I wonder if the Romans gathered around the aquaduct on Monday mornings to discuss the carnage at the coliseum over the weekend? Oh, the fun they would have had with Sergio Garcia...

Mass media, the Internet and sports in this day and age all intersect to create an intriguing phenomenon of cultural memories that you don't even have to have participated in the first time around to still be part of. We form unique, personal and intimate relationships with moments that millions have taken in, often after the fact. I am protective of my memories, while at the same time touting my coolness for having arrived at them. First.

It reminds me, in many ways, of my relationship with bands I "discovered" in high school. Bands that subsequently "sold out" when they gained the popularity I always thought they deserved. And so it was, while watching the flashback to Medina in 1999, that I had one of those protective moments. It was in Medina in 1999 that we were introduced to Sergio the Kid, Garcia the Upstart,  the young Spainiard who was obviously enjoying playing golf, was brash enough to challenge Tiger and had the game to back it up.

It was Medina in 1999 that we, or at least I, started rooting for Garcia. After his run at Tiger in that, his first PGA Champsionship, he was destined for greatness. No? Tiger has obviously spoiled us, because we expect every next good player to rise to such lofty heights. And Garcia, for better or worse, was immediately expected to compete at the same level.

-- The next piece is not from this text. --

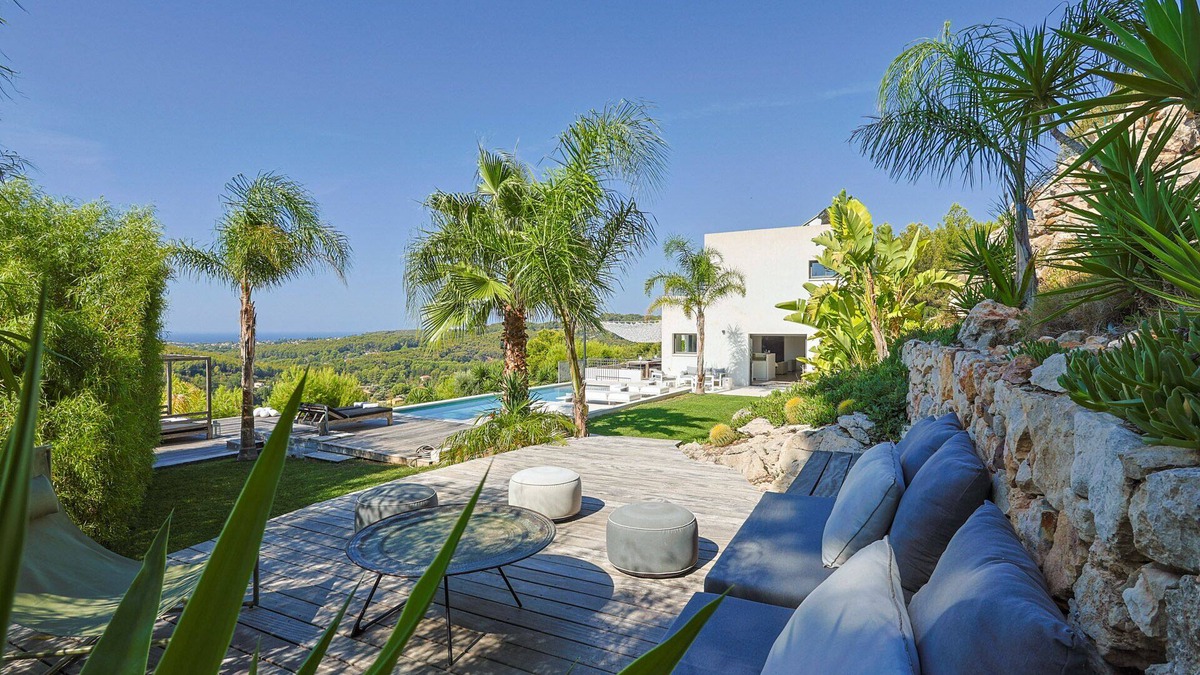 Sanary-sur-Mer House | Contemporary Villa Sea-View-Wineyards-Pool-Spa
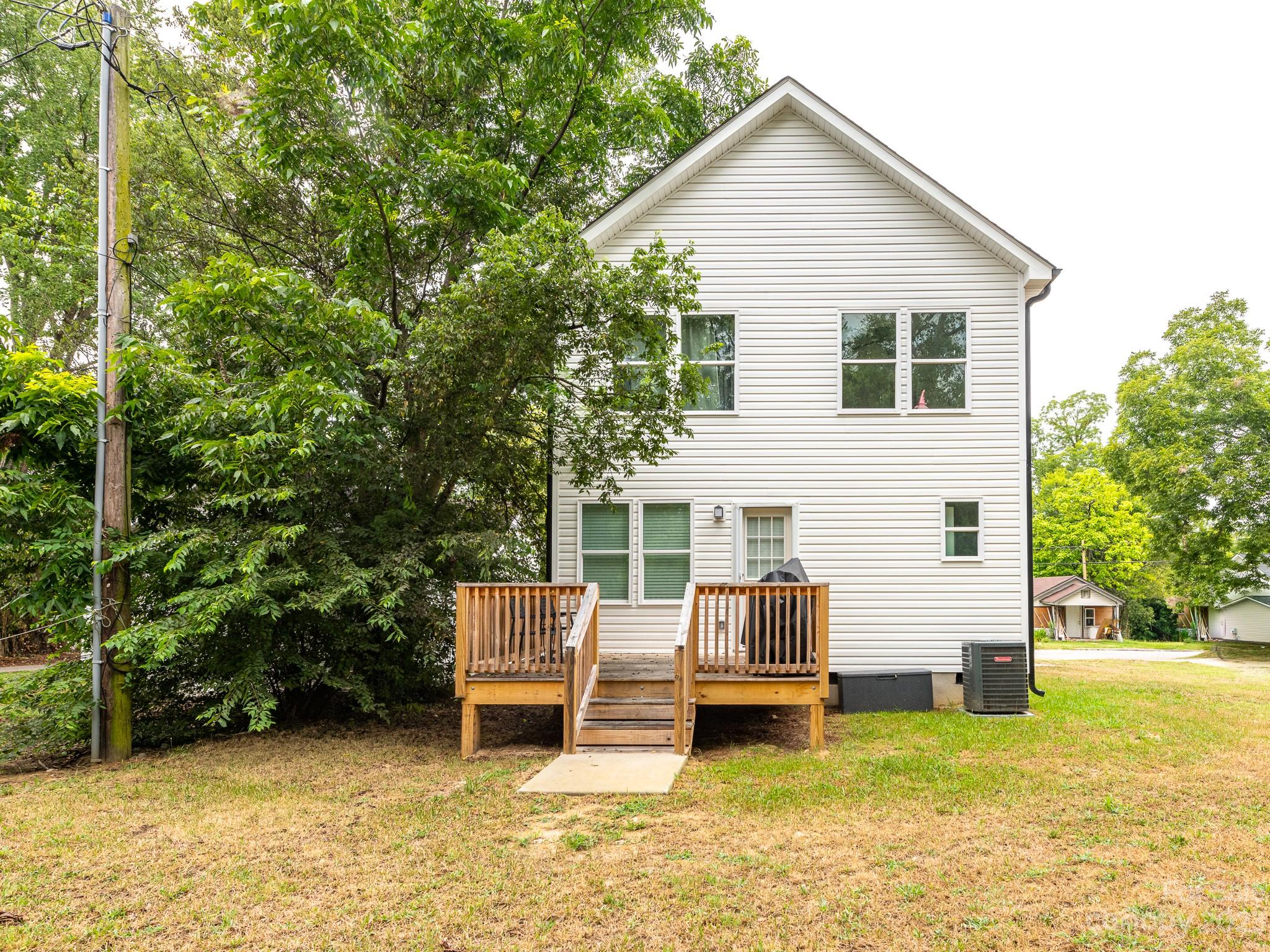 123 Pleasant Hill Street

Sergio's accomplishments over the past nine years on the PGA Tour are pretty stellar: 7 tournament wins, 7 2nd-place finishes, 7 3rd-place finishes, 56 top 10's and career golf earnings of over $22,000,000. That's a lot of zeros. But the biggest zero on Sergio's card is the column for wins in a major. Major wins are how we define greatness, how we seperate signal from noise in an era when the worst players on tour make a better living than 99% of the rest of the US population.

Sergio, yet to win one of those elusive majors, has yet to live up to the hype - if not his potential. Ever since I became emotionally attached to Sergio, I've held it against him that he can't seem to win the big ones. He is the great hope that has never materialized, the cross I bear as a fan every time I root for him coming down the stretch. When they flashed the images of a youthful Garcia running up the fairway after his shot heard round the world in '99, I instinctively got posessive of my Garcia cultural memories and history: I've spent the last eight years suffering as this guy's fan, don't let these other suckers in for free!

Ha! Welcome to my world, suckers. Oh sure, Garcia taunted us with his win at the TPC this spring, taking everyman Paul Goydos to overtime and then finishing him off with his iron play. But it is always Garcia's putting that keeps him out of the winner's circle, and even after his inexplicable water shot on #16, Garcia had a chance to stay in it with his flatstick on #17, and he gacked. And then he fumed about it. "Not disappointed"? Oh, puh-leeze. I'm betting that Garcia would happily trade in all of his wins and most of his money for one major win. Just one.

Padraig Harrington has won only five times on the PGA Tour, and three of them have been majors. Harrington is instantly classic, a giant and a giant-killer within the space of fourteen months. Two of his major wins have come gainst Sergio Garcia, both of them won down the stretch, and he deserves a lot of credit for gutting it out for the win. Padraig's putt on #16 for par was the epitome of courage on the golf course. His birdie putt on #17 was the final sword in the bull he'd been taunting all day.

I'm just p1ssed that I've been rooting for that bull, I've seen enough bullfights to know better. But that "new" bullfighter in the ring? That guy can play. Just make sure you never listen to one of his post-round interviews, his voice doesn't match his game.